# Conversational RAG - Step-by-Step Notebook

This notebook converts `src/document_chat/retrieval.py` into a procedural, debuggable format.

## What This Does
Implements a **Conversational Retrieval-Augmented Generation (RAG)** pipeline that:
1. Rewrites user questions using conversation context
2. Retrieves relevant document chunks from a FAISS index
3. Generates answers using an LLM

## Prerequisites
- FAISS index already created (via document ingestion)
- API keys set: `GOOGLE_API_KEY` and/or `GROQ_API_KEY`
- Config file at `config/config.yaml`

---
## Cell 1: Configuration Placeholders

**Purpose:** Define all configurable paths and parameters at the top for easy modification.

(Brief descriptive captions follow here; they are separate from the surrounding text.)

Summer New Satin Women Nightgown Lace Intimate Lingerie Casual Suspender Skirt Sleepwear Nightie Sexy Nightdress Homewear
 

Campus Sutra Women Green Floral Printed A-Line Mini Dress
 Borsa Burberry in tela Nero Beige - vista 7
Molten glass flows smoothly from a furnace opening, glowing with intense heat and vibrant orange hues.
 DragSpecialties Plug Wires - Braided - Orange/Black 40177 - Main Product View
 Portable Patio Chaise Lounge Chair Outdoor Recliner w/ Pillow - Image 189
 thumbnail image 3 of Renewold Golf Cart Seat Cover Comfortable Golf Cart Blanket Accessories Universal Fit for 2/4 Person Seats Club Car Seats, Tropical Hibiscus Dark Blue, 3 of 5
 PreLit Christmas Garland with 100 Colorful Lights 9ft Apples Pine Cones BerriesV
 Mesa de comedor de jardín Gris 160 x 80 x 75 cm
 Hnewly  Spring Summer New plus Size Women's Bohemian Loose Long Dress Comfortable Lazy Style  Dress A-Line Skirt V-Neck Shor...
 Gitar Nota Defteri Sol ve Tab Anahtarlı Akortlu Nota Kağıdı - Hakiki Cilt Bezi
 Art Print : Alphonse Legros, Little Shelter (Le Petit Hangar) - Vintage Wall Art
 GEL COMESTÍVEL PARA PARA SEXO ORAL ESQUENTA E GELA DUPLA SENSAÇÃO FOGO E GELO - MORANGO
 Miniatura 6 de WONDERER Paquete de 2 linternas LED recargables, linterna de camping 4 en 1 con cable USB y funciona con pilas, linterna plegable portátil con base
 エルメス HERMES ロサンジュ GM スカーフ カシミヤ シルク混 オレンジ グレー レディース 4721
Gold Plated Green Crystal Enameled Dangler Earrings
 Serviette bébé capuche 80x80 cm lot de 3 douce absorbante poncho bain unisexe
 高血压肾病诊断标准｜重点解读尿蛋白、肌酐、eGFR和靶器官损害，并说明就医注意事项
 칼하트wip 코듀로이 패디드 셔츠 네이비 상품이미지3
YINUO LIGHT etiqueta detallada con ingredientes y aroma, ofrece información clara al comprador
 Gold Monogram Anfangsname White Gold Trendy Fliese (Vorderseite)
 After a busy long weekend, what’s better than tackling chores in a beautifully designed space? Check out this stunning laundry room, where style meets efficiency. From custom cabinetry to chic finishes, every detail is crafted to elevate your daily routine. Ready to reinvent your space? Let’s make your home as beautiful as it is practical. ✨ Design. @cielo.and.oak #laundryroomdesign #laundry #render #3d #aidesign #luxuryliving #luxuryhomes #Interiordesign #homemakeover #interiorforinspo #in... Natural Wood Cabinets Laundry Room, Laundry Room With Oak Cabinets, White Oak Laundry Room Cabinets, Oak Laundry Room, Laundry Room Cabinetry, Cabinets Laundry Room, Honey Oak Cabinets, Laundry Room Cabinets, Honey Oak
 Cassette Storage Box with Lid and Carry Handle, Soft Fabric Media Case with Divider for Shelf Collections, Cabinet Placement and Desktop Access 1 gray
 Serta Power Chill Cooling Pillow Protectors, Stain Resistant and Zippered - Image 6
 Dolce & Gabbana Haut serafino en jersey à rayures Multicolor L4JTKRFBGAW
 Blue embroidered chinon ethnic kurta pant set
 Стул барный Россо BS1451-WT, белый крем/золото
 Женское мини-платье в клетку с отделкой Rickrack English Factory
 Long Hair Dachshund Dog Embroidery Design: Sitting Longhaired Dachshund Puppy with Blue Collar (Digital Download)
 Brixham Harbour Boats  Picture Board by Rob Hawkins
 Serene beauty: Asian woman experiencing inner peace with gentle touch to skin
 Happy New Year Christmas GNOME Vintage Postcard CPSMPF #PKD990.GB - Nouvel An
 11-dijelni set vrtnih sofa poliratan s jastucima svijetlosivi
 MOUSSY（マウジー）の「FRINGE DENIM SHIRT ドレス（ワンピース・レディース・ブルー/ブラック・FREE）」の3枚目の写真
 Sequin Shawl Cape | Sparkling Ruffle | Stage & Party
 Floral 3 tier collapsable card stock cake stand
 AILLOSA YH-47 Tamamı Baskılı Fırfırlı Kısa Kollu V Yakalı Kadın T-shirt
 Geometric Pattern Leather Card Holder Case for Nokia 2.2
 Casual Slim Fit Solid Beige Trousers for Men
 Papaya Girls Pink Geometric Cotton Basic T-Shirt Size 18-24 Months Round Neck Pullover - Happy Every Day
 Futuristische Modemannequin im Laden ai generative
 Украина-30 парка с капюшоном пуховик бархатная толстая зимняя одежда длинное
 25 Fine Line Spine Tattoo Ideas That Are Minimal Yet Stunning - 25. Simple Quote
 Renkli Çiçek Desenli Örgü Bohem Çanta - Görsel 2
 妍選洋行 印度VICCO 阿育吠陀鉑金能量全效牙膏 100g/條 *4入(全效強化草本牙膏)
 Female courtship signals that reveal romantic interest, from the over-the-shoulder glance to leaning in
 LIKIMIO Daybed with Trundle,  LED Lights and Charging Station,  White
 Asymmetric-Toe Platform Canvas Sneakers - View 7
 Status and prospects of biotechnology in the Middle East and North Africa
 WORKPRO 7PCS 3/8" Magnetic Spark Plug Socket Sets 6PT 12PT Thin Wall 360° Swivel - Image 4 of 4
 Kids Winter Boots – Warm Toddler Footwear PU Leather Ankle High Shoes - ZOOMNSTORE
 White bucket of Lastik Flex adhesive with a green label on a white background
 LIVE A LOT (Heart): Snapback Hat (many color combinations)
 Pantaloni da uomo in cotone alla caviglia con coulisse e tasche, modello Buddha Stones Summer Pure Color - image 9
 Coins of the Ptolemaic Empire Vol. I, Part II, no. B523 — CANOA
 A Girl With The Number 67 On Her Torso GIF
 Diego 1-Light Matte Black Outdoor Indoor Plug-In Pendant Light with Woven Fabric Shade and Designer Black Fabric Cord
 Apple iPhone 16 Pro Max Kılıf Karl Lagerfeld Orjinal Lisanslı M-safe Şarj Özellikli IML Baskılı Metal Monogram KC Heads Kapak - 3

**External Dependencies:**
- `FAISS_INDEX_PATH`: Directory containing your FAISS index files (`index.faiss`, `index.pkl`)
- Environment variables: `GOOGLE_API_KEY`, `GROQ_API_KEY`, `LLM_PROVIDER`

In [None]:
# ============================================================
# CONFIGURATION PLACEHOLDERS - MODIFY THESE BEFORE RUNNING
# ============================================================

# Path to your FAISS index directory
FAISS_INDEX_PATH = "data/single_document_chat/your_session_id"  # <-- CHANGE THIS

# Name of the FAISS index files (without extension)
FAISS_INDEX_NAME = "index"

# Number of documents to retrieve per query
RETRIEVAL_K = 5

# Search type: "similarity" (cosine) or "mmr" (diversity-focused)
SEARCH_TYPE = "similarity"

# Session identifier for logging
SESSION_ID = "notebook_debug_session"

print(f"Configuration loaded:")
print(f"  FAISS Index: {FAISS_INDEX_PATH}")
print(f"  Retrieval K: {RETRIEVAL_K}")
print(f"  Search Type: {SEARCH_TYPE}")

---
## Cell 2: Imports

**Purpose:** Import all required libraries and modules.

**Key Dependencies:**
- `langchain_core`: Prompt templates, output parsers, message types
- `langchain_community.vectorstores.FAISS`: Vector similarity search
- `utils.model_loader.ModelLoader`: Loads LLM and embedding models
- `prompt.prompt_library.PROMPT_REGISTRY`: Central prompt storage

In [None]:
import sys
import os
from operator import itemgetter
from typing import List, Optional, Dict, Any

# LangChain imports
from langchain_core.messages import BaseMessage, HumanMessage, AIMessage
from langchain_core.output_parsers import StrOutputParser
from langchain_core.prompts import ChatPromptTemplate
from langchain_community.vectorstores import FAISS

# Project imports
from utils.model_loader import ModelLoader
from exception.custom_exception import DocumentPortalException
from logger import GLOBAL_LOGGER as log
from prompt.prompt_library import PROMPT_REGISTRY
from model.models import PromptType

print("All imports successful!")

---
## Cell 3: Load LLM Model

**Purpose:** Initialize the Language Model that will:
1. Rewrite questions with conversation context
2. Generate answers from retrieved documents

**What happens:**
- `ModelLoader` reads `config/config.yaml` for model settings
- Checks `LLM_PROVIDER` env var (default: "google")
- Returns either `ChatGoogleGenerativeAI` or `ChatGroq`

In [None]:
# Load the LLM
try:
    llm = ModelLoader().load_llm()
    if not llm:
        raise ValueError("LLM could not be loaded")
    log.info("LLM loaded successfully", session_id=SESSION_ID)
    print(f"LLM loaded: {type(llm).__name__}")
except Exception as e:
    print(f"ERROR loading LLM: {e}")
    raise DocumentPortalException("LLM loading error", sys)

---
## Cell 4: Load Prompt Templates

**Purpose:** Load the two prompt templates from the registry:

1. **contextualize_prompt**: Rewrites user questions to be standalone
   - Input: User question + chat history
   - Output: Standalone question (no context dependencies)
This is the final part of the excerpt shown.